Buildings built on Edgewood as this one allow for street art that photoshoots and music videos use for backdrops
Pole on Edgewood Ave covered in flyers for open mic nights and performances in Department Store and around the city
A unique music shop, as per usual in L5P and Edgewood
As thoroughly connected as the culture is with Edgewood and little five points, it runs even deeper throughout the city than just that. The A3C hip-hop music festival held in Atlanta is the most popular of its kind. Held annually, the festival is the intersection of the mainstream and independent music industries. The built environment of Atlanta is significant in acting as a good host city for the conference as the city allows for a few different transportation options when it comes to navigating the conference. Atlanta has recently built rails into the ground of a string of streets to operate the Atlanta Streetcar. During the A3C festival, it is free to ride the Atlanta Streetcar to get around to the site of your choice. This built factor of the city ties the hip hop community together by bringing mainstream music professionals such as artists, producers, and engineers who are from out of town and do not know their way around the city on the streetcar along with independent musicians who are trying to network and make a name for themselves. The purpose of the A3C festival is for up and coming hip-hop artists and talents to be discovered and to promote those who are already popular. Factors such as the roads built for Atlanta Streetcar ensure that the festival is successful in that mission.

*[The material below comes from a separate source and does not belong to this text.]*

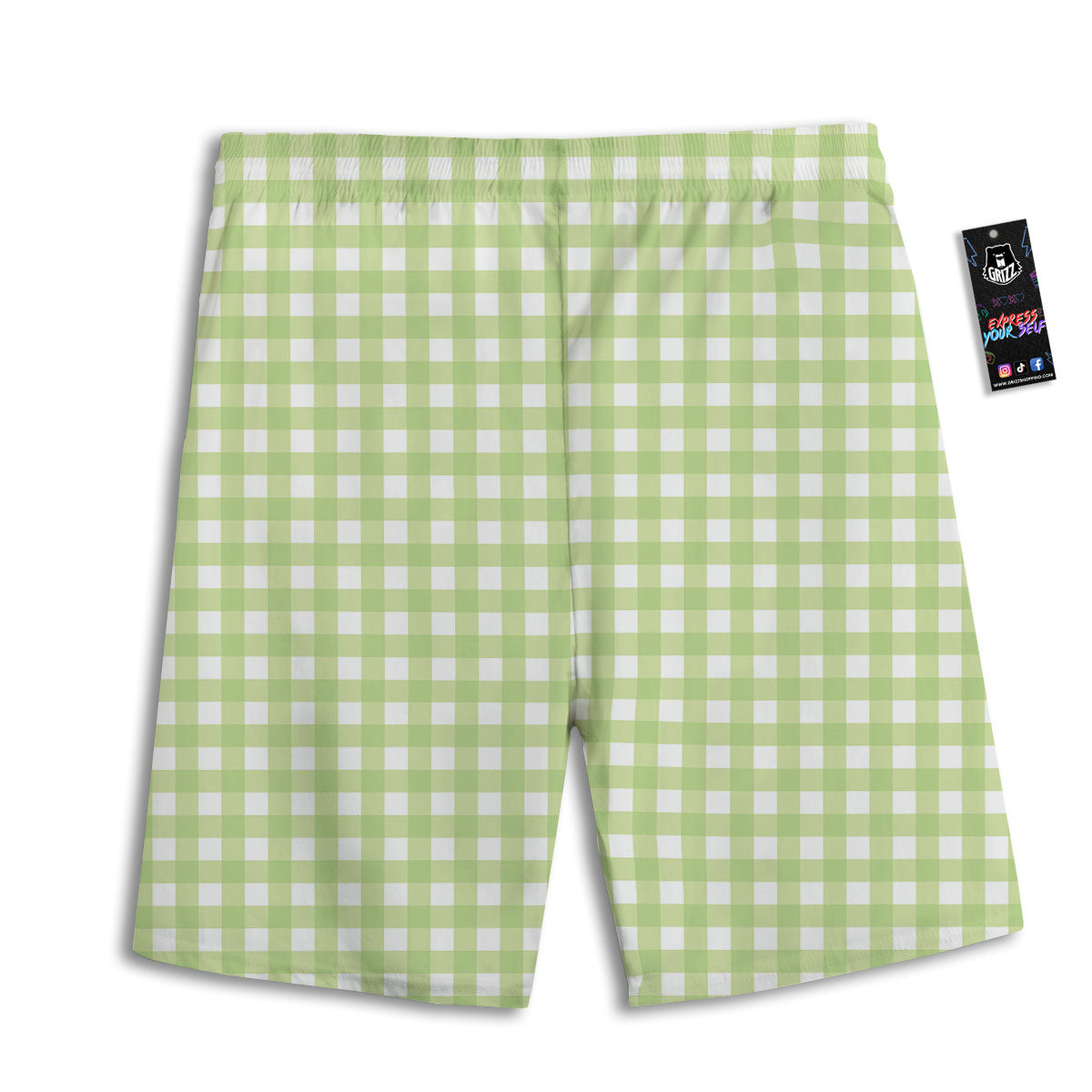 White Tiger Tattoo Japanese Print Pattern Men's Athletic Shorts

To conclude, the built environment of particular sections of the city of Atlanta promote forward thinking in the youth in several ways. Atlanta can almost be viewed as a dry erase board that every generation erases and starts fresh with. This generation has filled the city with new undertones of culture that can be looked at as an effect of the built environment. Atlanta has its hand over the hip-hop industry and culture: formally and informally. From the annual BET hip-hop awards, to the open mic nights on Edgewood, everyone is watching the city to see who or what is coming next. There are young people in every city, there are rappers and every city, what makes Atlanta special and brings the two together is the built environment. In simplest terms, the built environment is the reason why Atlanta in 2016 is reminiscent of San Francisco in 1849. The youth, however do not come here for gold, they come for hip-hop.